The Federal Trade Commission, for example, used the method to push the nascent online behavioral advertising industry to conform to standards that both protect consumers and allow reasonable use of consumer data by businesses.

It may be hard for those of us used to the FCC’s “top-down” regulatory approach to see a time when the agency leans more toward multi-stakeholdering processes, they may, if properly crafted, prove beneficial.

From a practical perspective, the FCC may have to seek multi-stakeholdering solutions if it wants to be a part of the next big trend in our industry: convergence.

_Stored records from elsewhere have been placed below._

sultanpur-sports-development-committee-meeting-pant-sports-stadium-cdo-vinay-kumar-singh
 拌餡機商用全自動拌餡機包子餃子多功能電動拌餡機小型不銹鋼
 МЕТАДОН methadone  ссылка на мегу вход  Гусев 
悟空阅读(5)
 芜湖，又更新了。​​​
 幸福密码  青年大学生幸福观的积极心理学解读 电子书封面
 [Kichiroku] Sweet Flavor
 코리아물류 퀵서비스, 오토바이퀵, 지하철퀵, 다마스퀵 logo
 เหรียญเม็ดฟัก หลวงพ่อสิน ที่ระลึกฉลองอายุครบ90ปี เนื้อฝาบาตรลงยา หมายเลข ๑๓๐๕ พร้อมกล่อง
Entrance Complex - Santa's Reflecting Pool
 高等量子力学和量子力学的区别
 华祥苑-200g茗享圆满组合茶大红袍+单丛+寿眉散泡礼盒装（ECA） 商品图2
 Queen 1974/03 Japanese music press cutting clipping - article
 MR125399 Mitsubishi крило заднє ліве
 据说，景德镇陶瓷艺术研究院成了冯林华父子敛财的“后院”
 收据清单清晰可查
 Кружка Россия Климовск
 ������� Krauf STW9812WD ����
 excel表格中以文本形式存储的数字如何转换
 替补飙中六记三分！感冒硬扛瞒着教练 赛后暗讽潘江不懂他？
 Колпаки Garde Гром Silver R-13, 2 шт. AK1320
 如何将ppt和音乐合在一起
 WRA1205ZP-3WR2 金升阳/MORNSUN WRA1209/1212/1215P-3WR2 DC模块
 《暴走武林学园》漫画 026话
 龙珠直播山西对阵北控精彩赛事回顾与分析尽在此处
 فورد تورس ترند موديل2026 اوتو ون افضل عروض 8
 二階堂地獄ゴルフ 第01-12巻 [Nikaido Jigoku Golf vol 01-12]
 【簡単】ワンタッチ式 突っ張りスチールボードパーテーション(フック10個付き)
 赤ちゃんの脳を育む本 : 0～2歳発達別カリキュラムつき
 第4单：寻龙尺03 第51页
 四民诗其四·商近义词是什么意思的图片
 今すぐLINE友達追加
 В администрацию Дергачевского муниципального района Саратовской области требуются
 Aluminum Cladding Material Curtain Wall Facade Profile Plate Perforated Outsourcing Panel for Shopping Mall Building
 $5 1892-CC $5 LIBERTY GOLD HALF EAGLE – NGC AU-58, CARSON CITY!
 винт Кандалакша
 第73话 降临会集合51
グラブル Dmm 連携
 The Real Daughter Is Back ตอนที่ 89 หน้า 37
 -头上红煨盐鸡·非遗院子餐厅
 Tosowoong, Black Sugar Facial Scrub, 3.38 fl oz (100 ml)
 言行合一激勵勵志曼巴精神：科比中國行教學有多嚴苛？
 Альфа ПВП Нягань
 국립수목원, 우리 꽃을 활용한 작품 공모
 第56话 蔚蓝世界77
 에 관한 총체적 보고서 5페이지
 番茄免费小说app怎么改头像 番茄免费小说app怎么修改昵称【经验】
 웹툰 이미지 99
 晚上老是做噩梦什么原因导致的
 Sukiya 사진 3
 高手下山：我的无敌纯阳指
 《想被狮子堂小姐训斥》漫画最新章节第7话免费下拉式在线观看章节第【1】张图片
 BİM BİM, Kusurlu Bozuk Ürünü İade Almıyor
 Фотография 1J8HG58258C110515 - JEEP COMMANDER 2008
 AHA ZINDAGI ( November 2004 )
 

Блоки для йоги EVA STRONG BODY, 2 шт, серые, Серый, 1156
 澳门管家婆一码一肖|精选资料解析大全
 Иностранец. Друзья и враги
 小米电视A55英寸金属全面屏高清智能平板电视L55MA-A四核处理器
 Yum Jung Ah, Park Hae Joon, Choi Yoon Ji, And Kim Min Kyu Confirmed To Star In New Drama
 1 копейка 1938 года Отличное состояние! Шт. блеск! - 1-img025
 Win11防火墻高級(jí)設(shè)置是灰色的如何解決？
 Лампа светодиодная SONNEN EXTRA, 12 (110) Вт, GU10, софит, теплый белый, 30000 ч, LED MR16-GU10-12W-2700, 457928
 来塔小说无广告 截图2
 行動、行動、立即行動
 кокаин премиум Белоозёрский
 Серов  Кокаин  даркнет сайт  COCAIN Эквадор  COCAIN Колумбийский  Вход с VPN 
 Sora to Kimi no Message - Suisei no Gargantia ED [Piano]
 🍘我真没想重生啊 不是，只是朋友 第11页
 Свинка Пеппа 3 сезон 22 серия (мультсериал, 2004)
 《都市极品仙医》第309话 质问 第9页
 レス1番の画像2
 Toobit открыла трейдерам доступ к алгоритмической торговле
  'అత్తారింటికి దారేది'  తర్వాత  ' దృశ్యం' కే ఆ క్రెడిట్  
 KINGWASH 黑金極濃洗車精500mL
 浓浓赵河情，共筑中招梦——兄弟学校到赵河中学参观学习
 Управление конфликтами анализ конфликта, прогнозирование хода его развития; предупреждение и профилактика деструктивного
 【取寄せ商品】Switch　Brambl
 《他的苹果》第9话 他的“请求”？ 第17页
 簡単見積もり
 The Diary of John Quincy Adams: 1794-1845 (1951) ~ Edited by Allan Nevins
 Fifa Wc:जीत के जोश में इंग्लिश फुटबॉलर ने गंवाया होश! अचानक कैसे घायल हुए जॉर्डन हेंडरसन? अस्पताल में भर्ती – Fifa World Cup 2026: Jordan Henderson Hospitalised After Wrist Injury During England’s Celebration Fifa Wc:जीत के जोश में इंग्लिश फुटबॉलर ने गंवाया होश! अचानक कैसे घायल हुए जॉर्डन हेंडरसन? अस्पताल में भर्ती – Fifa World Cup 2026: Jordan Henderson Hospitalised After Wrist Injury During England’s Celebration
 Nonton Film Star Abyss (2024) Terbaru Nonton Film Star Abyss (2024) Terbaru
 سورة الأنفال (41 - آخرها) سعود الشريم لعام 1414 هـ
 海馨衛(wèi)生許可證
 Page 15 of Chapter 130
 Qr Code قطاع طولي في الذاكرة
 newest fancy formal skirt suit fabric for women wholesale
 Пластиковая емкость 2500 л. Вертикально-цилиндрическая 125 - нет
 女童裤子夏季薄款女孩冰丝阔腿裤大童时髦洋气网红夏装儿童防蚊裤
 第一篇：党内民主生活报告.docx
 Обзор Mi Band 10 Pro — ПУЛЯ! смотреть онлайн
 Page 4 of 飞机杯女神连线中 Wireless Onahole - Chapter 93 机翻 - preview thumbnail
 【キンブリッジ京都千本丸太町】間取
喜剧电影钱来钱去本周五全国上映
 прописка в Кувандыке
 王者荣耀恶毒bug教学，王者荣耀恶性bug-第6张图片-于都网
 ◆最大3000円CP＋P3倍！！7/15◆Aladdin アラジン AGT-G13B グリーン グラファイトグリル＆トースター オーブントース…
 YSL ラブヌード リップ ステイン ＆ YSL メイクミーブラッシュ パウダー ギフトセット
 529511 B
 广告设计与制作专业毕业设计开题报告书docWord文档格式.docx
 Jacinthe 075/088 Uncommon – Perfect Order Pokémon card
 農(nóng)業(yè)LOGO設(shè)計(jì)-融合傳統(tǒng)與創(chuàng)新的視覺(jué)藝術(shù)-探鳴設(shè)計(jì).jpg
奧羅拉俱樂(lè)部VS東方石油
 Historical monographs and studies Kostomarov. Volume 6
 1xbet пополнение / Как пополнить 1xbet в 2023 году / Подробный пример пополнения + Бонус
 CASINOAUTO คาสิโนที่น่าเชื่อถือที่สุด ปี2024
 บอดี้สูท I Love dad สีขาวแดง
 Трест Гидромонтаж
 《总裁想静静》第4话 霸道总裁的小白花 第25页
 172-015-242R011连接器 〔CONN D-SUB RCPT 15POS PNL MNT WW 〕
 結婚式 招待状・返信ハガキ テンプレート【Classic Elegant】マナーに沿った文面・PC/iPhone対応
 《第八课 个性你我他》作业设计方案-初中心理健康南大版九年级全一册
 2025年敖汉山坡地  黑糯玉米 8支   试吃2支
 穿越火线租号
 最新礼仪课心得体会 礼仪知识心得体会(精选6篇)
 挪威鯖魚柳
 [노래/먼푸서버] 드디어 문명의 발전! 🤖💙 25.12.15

When most pundits talk about convergence, they focus on the merging of one or more technologies historically utilized in one industry to other, seemingly disparate, industries. For example, the increasing use of mobile wireless technologies by the automobile industry has spawned the field of “telematics” – also called “connected cars” – something you’ll hear more about at the next Consumer Electronics Show. But those of us in Washington might want to consider how convergence may affect the process of policymaking now.

For instance, convergence could mean major shifts in the policymaking power structure. Take the example of the connected car. The National Highway Traffic Safety Administration (NHTSA, part of the Department of Transportation) has the power to dictate product safety standards for automobiles. It also has jurisdiction over distracted driving. But who has jurisdiction when a distraction is caused by a mobile device brought in to a car?

Right now, NHTSA is creating “voluntary guidelines” that can result in the imposition of liability on the mobile industry in civil lawsuits, even though the agency doesn’t directly regulate the mobile device and wireless industries. But the Secretary of Transportation has signaled that he may go farther by adopting other measures to stop distracted driving. This could include seeking direct jurisdiction over at least some aspects of the industry.

The jurisdictional impact of convergence will be felt beyond the agencies. For instance, if NHTSA seeks more regulatory control, the Congressional subcommittee which oversees the NHTSA may as a result become involved in overseeing some aspects of technologies the FCC previously considered its turf.

Given the number of industries whose operations are becoming increasingly dependent on, and thus converging with, mobile wireless systems – transportation, healthcare, commerce, to name the most obvious ones – you can see that we might be facing a new regulatory world where jurisdictional issues must be confronted and thrashed out.

I’m most interested to see how the changing technological landscape will affect the FCC. How will the Commission seek to involve – or not involve – itself in these new fields? Will it try to add more arrows to its regulatory quiver? Will it ask Congress for major structural changes to the Communications Act, or can it use its authority under the existing Act to quietly adopt new strategies?

Though no one may be able to predict every issue that will confront the 113th Congress, there is one thing I do believe: those who work in the broad field of communications will live in a changed (and more converged) atmosphere. We will likely have to learn new methods of policymaking, new policymakers, and new policymaking cultures – ones that rely on more cooperative, multi-dimensional methods of finding solutions that work for all of us.